**Exercise goal**
Each line from the first line of the entries through the line holding "abandoned wooden toys Low-poly 3D model" is to be restated word for word; nothing else, and no picture, belongs in the answer.
(Beginning of Dataset excerpts)
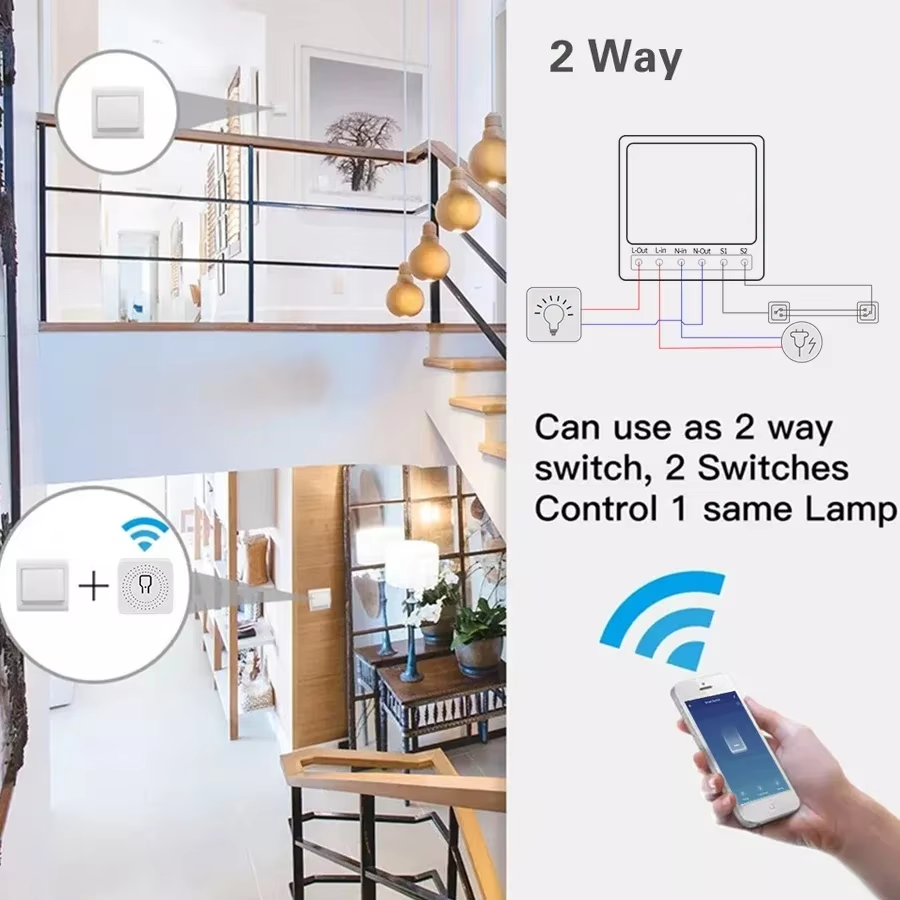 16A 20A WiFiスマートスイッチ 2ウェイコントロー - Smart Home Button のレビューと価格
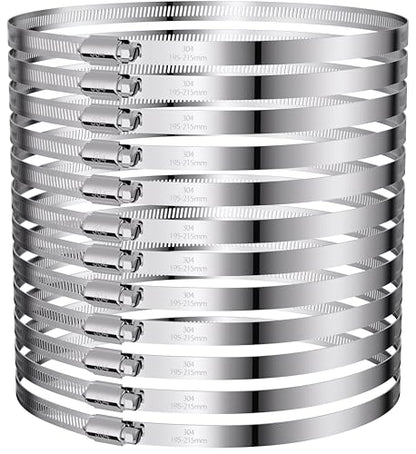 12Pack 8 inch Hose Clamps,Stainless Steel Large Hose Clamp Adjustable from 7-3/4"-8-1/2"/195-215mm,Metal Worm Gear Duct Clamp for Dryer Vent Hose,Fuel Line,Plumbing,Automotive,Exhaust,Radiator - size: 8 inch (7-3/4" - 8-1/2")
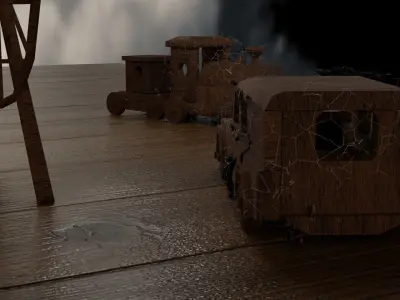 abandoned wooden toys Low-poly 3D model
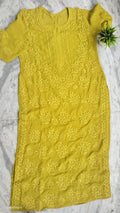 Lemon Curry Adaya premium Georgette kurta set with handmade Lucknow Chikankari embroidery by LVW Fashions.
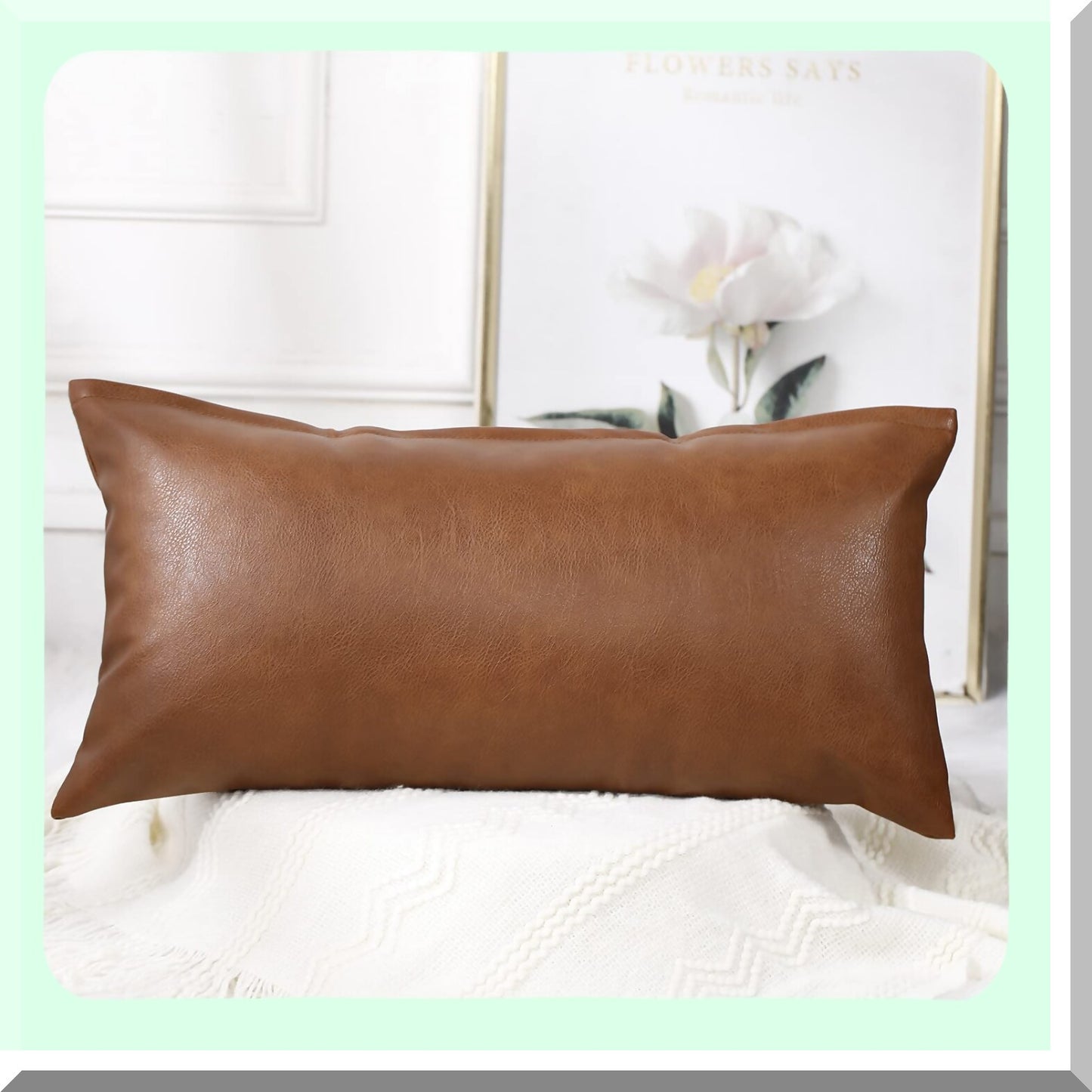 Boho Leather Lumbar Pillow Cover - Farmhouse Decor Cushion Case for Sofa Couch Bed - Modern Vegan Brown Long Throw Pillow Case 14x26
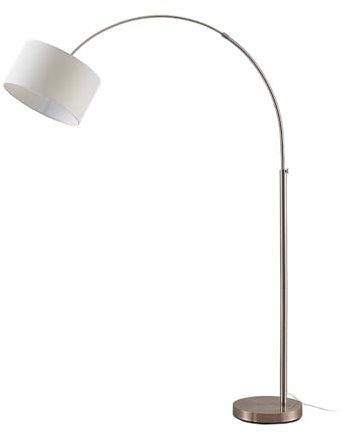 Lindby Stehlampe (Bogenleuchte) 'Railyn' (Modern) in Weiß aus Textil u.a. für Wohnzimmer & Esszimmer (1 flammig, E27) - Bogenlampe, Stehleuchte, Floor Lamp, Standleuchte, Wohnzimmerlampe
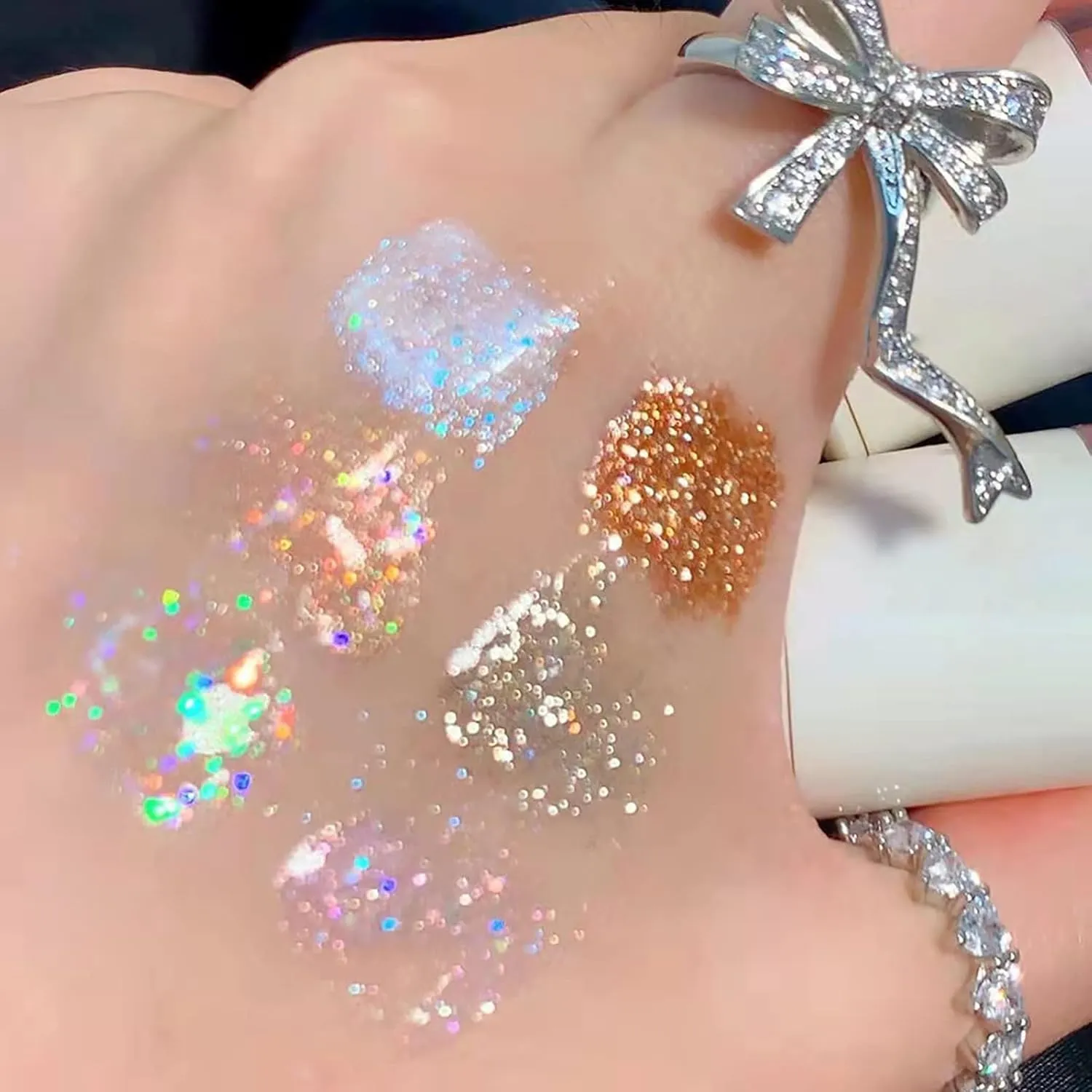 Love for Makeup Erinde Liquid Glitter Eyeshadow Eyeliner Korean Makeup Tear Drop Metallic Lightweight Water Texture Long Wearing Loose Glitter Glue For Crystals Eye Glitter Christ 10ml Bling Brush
(End of Dataset excerpts)
**Answer space**
 16A 20A WiFiスマートスイッチ 2ウェイコントロー - Smart Home Button のレビューと価格
 12Pack 8 inch Hose Clamps,Stainless Steel Large Hose Clamp Adjustable from 7-3/4"-8-1/2"/195-215mm,Metal Worm Gear Duct Clamp for Dryer Vent Hose,Fuel Line,Plumbing,Automotive,Exhaust,Radiator - size: 8 inch (7-3/4" - 8-1/2")
 abandoned wooden toys Low-poly 3D model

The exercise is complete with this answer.